愛知県教育委員会義務教育課長 尾本 国博
教師として働いていて、教え子が同僚として勤めることになった。年をとったものだと寂しい思いをもった。あるとき、彼女に「なぜ教師になったのか」聞いてみた。彼女は、「当時の先生たちが、楽しそうに働いているのを見ていたから」と言った。自分たちの姿を、そのように見ていてくれた子がいるんだと、うれしさを感じた。
そんな彼女をはじめ、若手教師の前向きな働きぶりと、若い頃の自分を比較すると、恥ずかしくなる。新任の頃、私は、研究授業を行うため、指導案を作った。他にもやることがたまっており、内心「まあ、これでいいや」と上司に提出した。すると、上司に呼ばれた。
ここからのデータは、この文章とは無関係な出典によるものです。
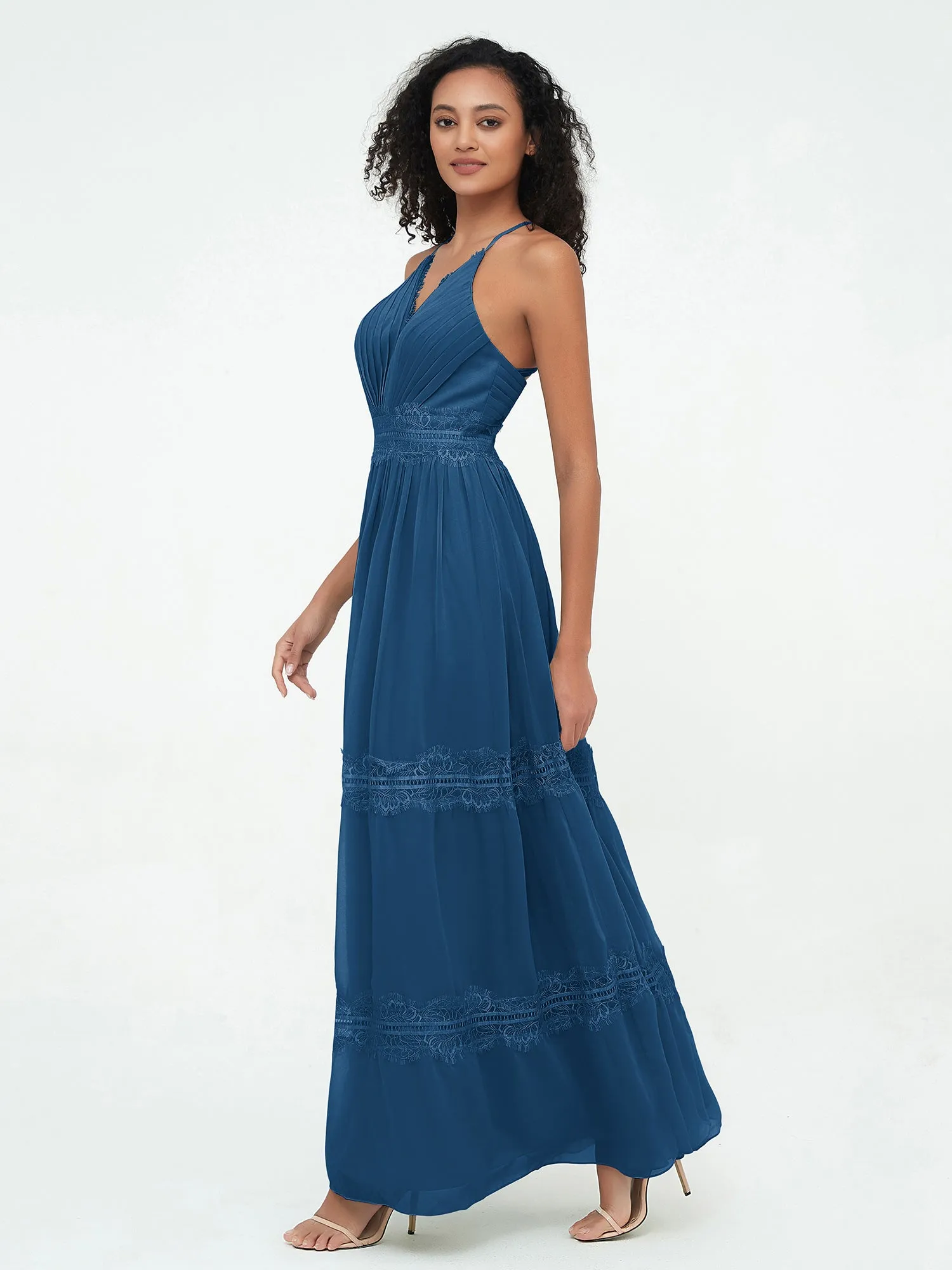 Lace and Chiffon Tiered Skirt Boho Dresses-Ink Blue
自分の心の中を見透かされているような上司の言葉に、何も言えず、ひたすら自分のいい加減さに腹が立った。今思い返せば、甘い気持ちでやり過ごそうとした私のことを、真剣に指導してくれた上司に感謝する。あの時間があったからこそ、今の自分があるのではないかと思う。
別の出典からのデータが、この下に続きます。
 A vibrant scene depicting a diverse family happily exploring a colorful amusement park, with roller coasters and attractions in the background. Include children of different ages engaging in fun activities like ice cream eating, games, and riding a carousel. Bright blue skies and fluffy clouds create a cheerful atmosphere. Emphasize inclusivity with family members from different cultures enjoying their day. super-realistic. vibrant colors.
今の学校に目を向けると、昔と変わったと感じる。私が若い頃は、勉強が苦手な子、やんちゃな子、さまざまな悩みを抱えた子、みんな学校に来ていた。いろんな子がいる集団をいかに前向きに導くか、多くの先輩・同僚と相談し、対策を考えてきた。いつ頃からか、子供たちが学校と距離を取るようになり、子供の抱えている悩みを教師が把握できなくなってきていると感じる。不登校児童生徒数は、年々増加しており、ここ数年は、毎年、過去最多を更新しており、その対応は喫緊(きっきん)の課題となっている。
児童生徒の変化だけでなく、教師の働き方にも注目が集まっている。在校等時間がメディアで取り上げられ、教師として、やるべきことの見直しが求められている。
学校は変わらなくてはいけない。しかし、変えてはいけないこともあると思う。それは、教師が、子供と向き合い、その子供の成長を願い、日々、知恵を出すこと、汗をかくことだと思っている。子供たちは、教師の言うこと・やることをよく見ている。冷静であり、的確だと驚かされることがある。今、目の前にいる子供たちに、「先生、やっぱりすごいね。私もあんなふうになってみたい」と言ってもらえる教師の姿を見せられているか、今一度、確認する必要がある。